Very soon the pace changes and we are confronted with a group of ‘lost’ teenagers wandering the streets. There’s lot of aimless vulgarity and lascivious grinning and groping.

This is very much an ensemble production with every performer on top form but the main focus is on three of the lost lads. Johnny, given a superb performance by Tom Milner, Tunny, another strong presence from Joshua Dowen and Will, Samuel Pope completing this ‘lost’ trio.

Will soon settles on a sofa on the balcony with Heather; soon they have a baby. Both performers, Samuel Pope and Siobhan O’Driscoll bring a touch of parental warmth into this otherwise vacuous environment. But this is short lived, as fed up with Will’s drug and drinking, Heather takes her baby and walks out on him. All this performed with a gripping reality

The compelling success of this, sometimes hard-hitting show comes from the excellence of its highly sensitive and talented cast.

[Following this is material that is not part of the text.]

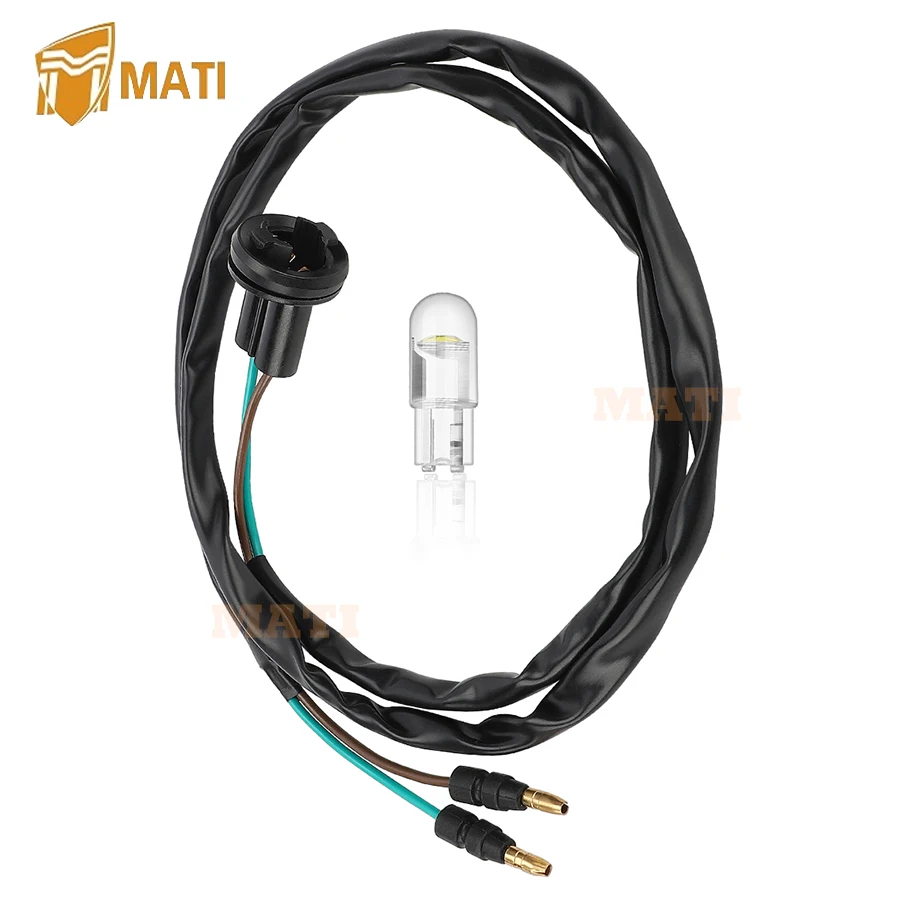 MATI-enchufe de luz trasera y bombilla LED para Honda Recon 250, TRX250TE, TRX250TM, 2001-2004, 33720-HM8-A30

The quality of the acting is equalled by the singing. Johnny, Tunny and Will captivate us very early with their first number ‘I Jesus of Suburbia’. They are joined by the full company for the next two numbers and the voices fill the auditorium. You know, it’s a sort of privilege to hear this stuff. Though I certainly wouldn’t want to fall into Johnny’s way of life.

Things do get better for him when he meets Whatshername, a stunner and a stunning acting and singing performance from Sam Lavery. They soon get it together, fortunately for us beneath the American flag. Very soon drug dealer St Jimmy brings upset to the ‘happy couple’. Luke Friend brings us a very real character full of charm and slippyness.

Like the characters within it, the musical itself seems to wander a bit, not quite sure of the way it wants to go. However this distraction has a curious appeal of its own. It does find a very strong identity with the power and strength of the ensemble’s gifted acting, singing and dancing performances.

Storywise things start to go down hill. Whatshername has had enough of Johnny’s drug taking and leaves him. Tunny returns from the war, wheelchair-bound and even more disillusioned.

Tom Milner brings an extraordinary realism to his totally destructive drug taking sequence towards the end of the show. Soon after the three friends, Johnny, Tunny and Will meet up again, still full of longings. They sing a beautiful song ‘Wake Me Up When September Ends’. And the russet leaves fall over the stage. Unexpectedly, hopefulness arises in Johnny and he sings again of Whatshername. The whole company come on to the stage and give us a huge and very happy surprise. Go along so that you can be surprised too.